Improved prediction of turbomachinery flows using Reynolds stress model with γ transition model

Transition is a prominent flow phenomenon in turbomachinery, especially at low and moderate Reynolds numbers. The turbomachinery internal flow often encounters complex vortex structures, typically accompanied by strong turbulence anisotropy and non–equilibrium. Conventional Reynolds–averaged Navier–Stokes (RANS) modeling with linear eddy–viscosity models (LEVMs) may fail short in capturing certain complex flow features. The Reynolds stress model (RSM) based on a higher turbulence closure level has more potential to reasonably consider turbulence anisotropy and non–equilibrium for such complex flows within turbomachinery than the LEVMs. However, the current RSM lacks an effective representation of transition phenomena.
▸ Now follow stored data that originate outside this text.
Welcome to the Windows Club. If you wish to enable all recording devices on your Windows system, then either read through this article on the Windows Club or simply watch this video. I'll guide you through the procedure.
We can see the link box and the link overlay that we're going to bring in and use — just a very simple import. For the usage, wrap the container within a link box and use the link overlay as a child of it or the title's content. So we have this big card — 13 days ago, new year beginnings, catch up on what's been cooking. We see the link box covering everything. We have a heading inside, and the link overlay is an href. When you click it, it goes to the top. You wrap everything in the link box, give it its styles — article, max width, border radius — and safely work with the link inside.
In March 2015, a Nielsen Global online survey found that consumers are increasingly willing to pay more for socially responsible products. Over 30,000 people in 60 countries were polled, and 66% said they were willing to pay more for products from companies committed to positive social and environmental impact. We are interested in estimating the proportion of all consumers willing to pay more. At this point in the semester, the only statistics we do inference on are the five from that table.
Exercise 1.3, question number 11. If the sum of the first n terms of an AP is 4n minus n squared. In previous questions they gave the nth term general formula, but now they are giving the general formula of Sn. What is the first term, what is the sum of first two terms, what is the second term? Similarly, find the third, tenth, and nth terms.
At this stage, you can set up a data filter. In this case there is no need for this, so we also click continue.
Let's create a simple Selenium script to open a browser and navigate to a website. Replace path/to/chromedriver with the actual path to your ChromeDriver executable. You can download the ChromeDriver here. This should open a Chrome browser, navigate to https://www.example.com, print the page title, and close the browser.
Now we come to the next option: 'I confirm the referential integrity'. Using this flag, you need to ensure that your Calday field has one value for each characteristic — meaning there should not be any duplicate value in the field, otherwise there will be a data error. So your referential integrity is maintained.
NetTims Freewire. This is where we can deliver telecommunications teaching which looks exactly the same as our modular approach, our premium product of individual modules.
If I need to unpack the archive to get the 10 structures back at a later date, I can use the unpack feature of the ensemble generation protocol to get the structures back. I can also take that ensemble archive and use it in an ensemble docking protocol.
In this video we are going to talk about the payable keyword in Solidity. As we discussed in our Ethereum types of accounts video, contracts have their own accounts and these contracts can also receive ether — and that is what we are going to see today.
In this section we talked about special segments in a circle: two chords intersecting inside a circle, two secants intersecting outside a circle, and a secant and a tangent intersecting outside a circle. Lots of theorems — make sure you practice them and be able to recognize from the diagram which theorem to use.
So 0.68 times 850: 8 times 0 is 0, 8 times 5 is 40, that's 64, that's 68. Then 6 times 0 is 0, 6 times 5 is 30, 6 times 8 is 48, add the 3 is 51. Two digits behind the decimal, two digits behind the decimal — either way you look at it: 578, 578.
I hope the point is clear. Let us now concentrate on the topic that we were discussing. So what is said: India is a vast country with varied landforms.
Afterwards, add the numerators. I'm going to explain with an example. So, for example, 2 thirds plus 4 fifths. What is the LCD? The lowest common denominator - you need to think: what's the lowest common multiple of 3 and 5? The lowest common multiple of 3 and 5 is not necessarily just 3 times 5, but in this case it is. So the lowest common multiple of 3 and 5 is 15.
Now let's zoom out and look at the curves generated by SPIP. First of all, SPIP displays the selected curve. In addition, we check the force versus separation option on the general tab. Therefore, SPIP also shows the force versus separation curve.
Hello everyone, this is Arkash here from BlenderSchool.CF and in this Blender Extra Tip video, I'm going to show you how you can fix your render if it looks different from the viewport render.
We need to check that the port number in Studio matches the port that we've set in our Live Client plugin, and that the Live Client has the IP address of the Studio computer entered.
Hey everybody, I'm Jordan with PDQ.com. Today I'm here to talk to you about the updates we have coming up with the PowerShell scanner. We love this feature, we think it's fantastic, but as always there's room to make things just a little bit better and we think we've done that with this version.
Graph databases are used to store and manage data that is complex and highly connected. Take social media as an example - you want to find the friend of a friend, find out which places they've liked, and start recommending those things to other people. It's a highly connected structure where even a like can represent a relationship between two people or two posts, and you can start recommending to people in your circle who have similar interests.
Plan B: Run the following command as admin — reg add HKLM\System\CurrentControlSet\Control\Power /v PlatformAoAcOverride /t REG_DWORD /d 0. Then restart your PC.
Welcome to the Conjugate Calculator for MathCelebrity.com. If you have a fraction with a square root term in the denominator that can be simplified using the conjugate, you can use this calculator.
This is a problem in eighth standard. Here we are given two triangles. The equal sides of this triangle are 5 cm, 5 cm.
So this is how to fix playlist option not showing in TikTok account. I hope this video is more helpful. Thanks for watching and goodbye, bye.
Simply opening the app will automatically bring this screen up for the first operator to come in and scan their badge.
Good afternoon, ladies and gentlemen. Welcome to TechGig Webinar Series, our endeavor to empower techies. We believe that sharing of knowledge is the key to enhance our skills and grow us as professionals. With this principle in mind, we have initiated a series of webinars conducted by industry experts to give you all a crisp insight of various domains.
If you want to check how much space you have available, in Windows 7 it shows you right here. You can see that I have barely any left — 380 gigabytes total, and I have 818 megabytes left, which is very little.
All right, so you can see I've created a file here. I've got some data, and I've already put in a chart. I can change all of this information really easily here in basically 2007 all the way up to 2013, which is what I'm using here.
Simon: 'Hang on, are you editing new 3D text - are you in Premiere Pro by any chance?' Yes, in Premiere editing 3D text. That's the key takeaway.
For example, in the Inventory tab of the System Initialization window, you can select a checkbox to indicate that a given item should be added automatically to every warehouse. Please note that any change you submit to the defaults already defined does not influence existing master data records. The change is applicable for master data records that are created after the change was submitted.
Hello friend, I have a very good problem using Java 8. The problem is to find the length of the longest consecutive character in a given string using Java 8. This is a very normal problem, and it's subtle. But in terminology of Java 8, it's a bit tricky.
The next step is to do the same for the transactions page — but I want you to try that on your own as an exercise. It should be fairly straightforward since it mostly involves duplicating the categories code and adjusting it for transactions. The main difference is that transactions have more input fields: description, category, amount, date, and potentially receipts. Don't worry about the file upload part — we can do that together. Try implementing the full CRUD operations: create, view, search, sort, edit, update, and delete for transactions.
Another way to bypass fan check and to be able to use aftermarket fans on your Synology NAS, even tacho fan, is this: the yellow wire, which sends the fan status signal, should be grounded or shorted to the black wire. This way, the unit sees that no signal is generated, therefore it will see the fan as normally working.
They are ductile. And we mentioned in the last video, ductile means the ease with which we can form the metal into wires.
This paper presents an improved prediction of turbomachinery flows using RSM with transition modeling. The transition effects are incorporated into the RSM (SSG/LRR–ω model) via Menter's γ transport equation. The blending of the SSG/LRR–ω model with the γ transition model (SSG/LRR–ω–γ model) is firstly validated based on the T3 series flat plate cases with zero pressure gradient (T3A, T3B, T3A–) and variable pressure gradients (T3C1–C5). Comparisons with experiments show that the SSG/LRR–ω–γ model predicts corner separation flows with transition more accurately, although there is still room for further improvement. Then, the performance of the SSG/LRR–ω–γ model is assessed in a linear highly loaded prescribed velocity distribution (PVD) cascade and a NACA65 K48 compressor cascade. Comparisons with experiments indicate that, in both compressor cascades, the SSG/LRR–ω–γ model can predict more accurately corner flows with boundary layer transition on suction surfaces than the SSG/LRR–ω and SST model. Nevertheless, it still exhibits a tendency to overestimate the size of corner separation, especially in cases characterized by strong adverse pressure gradients. Comparisons of skin friction and velocity profiles predicted by the SSG/LRR–ω model with and without transition modeling illustrate the rationale behind the improved prediction. Further improvement of the SSG/LRR–ω–γ model for predicting turbomachinery corner flows should be conducted in future.